Diagnostic hysteroscopy is commonly performed in an office setting by inserting the hysteroscope into the external cervical OS and advancing the scope under direct visualization until entering the uterine cavity distending the uterus with the selected distention media, commonly normal saline. Over the last few years, there have been great advancements in surgical instruments for use in gynecological procedures, the creation of smaller hysteroscopes, as well as improvements in operative techniques [2]. These advancements have facilitated the performance of hysteroscopy becoming a popular procedure. In an effort to decrease cost and facilitate patient access, hysteroscopic procedures are increasingly migrating from the operating room to the office [3-5]. One major obstacle to transitioning hysteroscopy to the outpatient settings is pain management as the procedure is largely viewed as painful. Pain along with inability to access the uterus are often cited as the main reasons for failed office hysteroscopy.

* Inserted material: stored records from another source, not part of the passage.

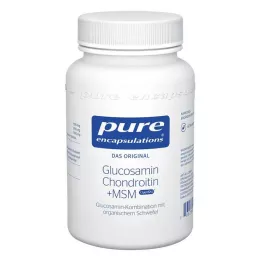 PURE ENCAPSULATIONS Glucosamine+Chondr.+MSM Capsules, 60 stuks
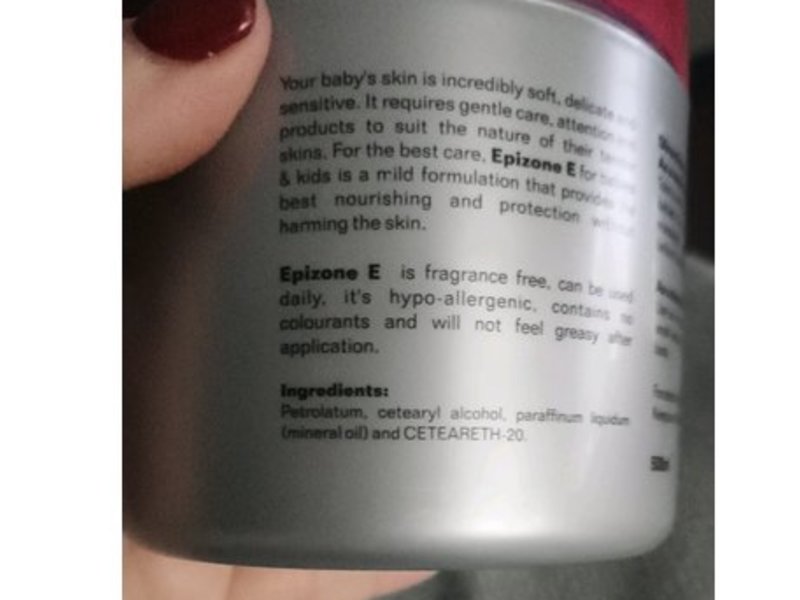 Epizone E Baby & Kids Ointment, 500 mL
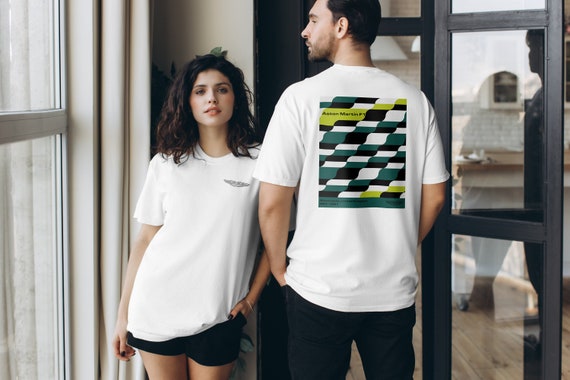 Camisa Aston Martin Wavy Pattern Comfort Colors Fernando Alonso Camisa Aston Martin Camisa F1 Aston Martin Regalo F1 F1 Merch Retro F1 F1 Etsy Espana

There is no consensus in the literature as to the optimal method of pain relief. It is important to establish evidenced-based pain management protocols to decrease pain associated with office hysteroscopy, which will reduce the rate of failed procedures and therefore decrease cost, time, and risk associated with performing the procedure in the operating room with the additional risk of general anesthesia. In this review article, I will outline effective pain control regimens based on the current published literature that could be used as a guide to manage pain when performing in-office diagnostic and operative hysteroscopy.

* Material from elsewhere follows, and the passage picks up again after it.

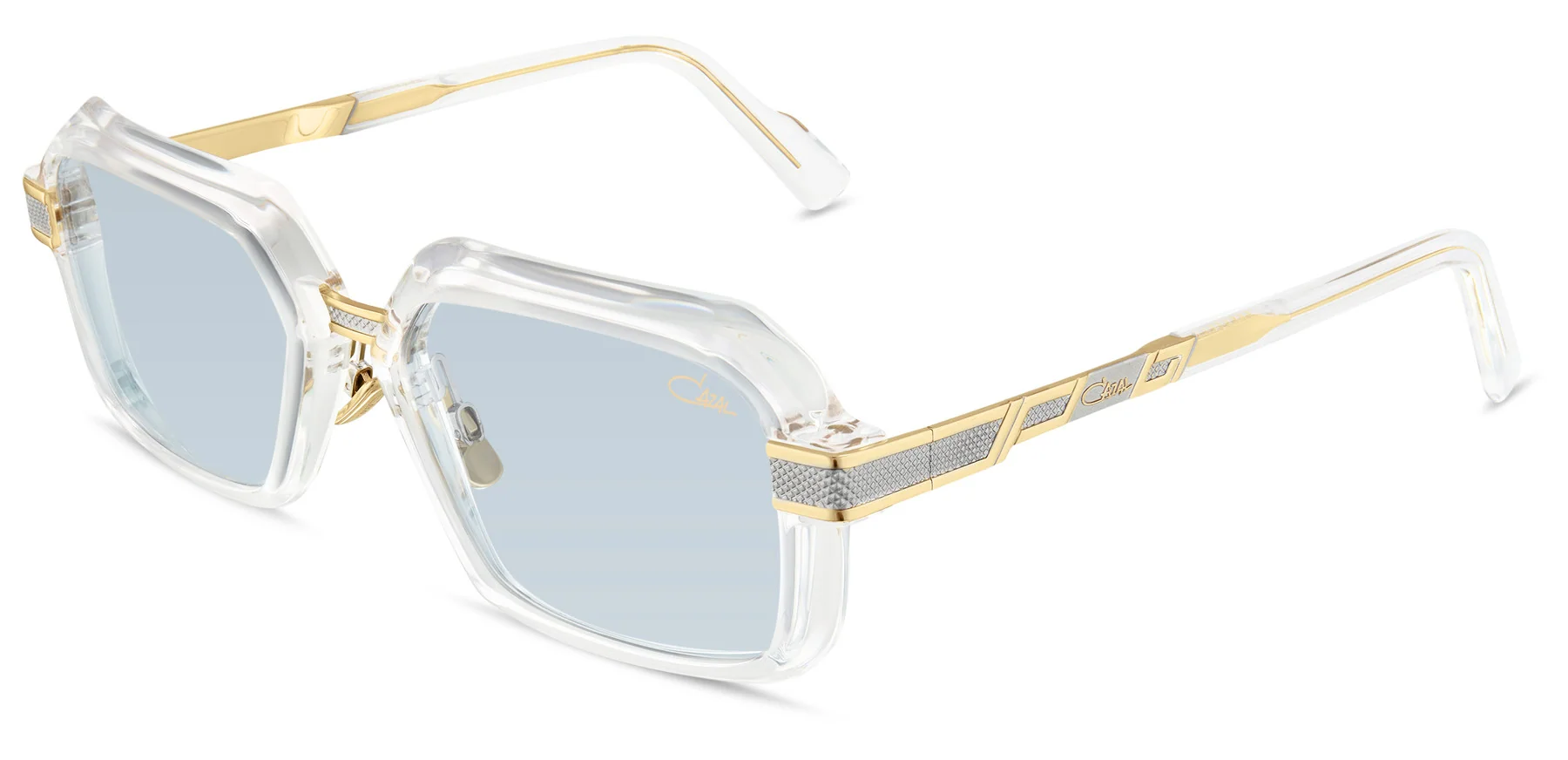 Color_002 - Crystal - Bicolour / Blue AR coated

Factors affecting pain during hysteroscopic procedures

The experience of pain associated with hysteroscopy, as any other pain eliciting procedure, is influenced by many factors related to the patient and the operative technique. Adequate patient selection for in office procedures is extremely important. Some patients will only tolerate the procedure if performed under general anesthesia. Table 1 list risk and protective factors associated with pain perception during in office hysteroscopy. Providers should screen each patient to ensure that the patient is a good candidate for in-office performance of the needed procedure.

Patient related factors

Parity: There is conflicting evidence regarding the influence of prior vaginal delivery and the pain reported during office procedures. Although some research shows that nulliparity does not increase pain during reported during in office hysteroscopy. Masson et al. [6] published a prospective observational study revealing that the number of spontaneous vaginal deliveries is inversely correlated with pain intensity during hysteroscopy. This is concordant with findings published by Van Dongen et al. [7] who reported that nulliparous women have a 27% higher risk of perceiving pain at Visual Analog Scale (VAS) > 5 during hysteroscopy when compared to women who have had vaginal deliveries. It is speculated that the more dilated multiparous cervix will require less force to introduce the hysteroscope as opposed to a nulliparous cervix that will pose more resistance.

Menopausal status: In an observational study of over 200 patients, Carta et al. [8] described menopause status as a specific risk factor associated with pain > 4 in VAS (OR, 2.81; 95% CI, 1.10-7.40). On the other hand, Torok et al. [9] in a study evaluating pain level during office hysteroscopy according to menopausal status, parity, and size of the instrument, found no correlation between menopausal status and pain during office hysteroscopy.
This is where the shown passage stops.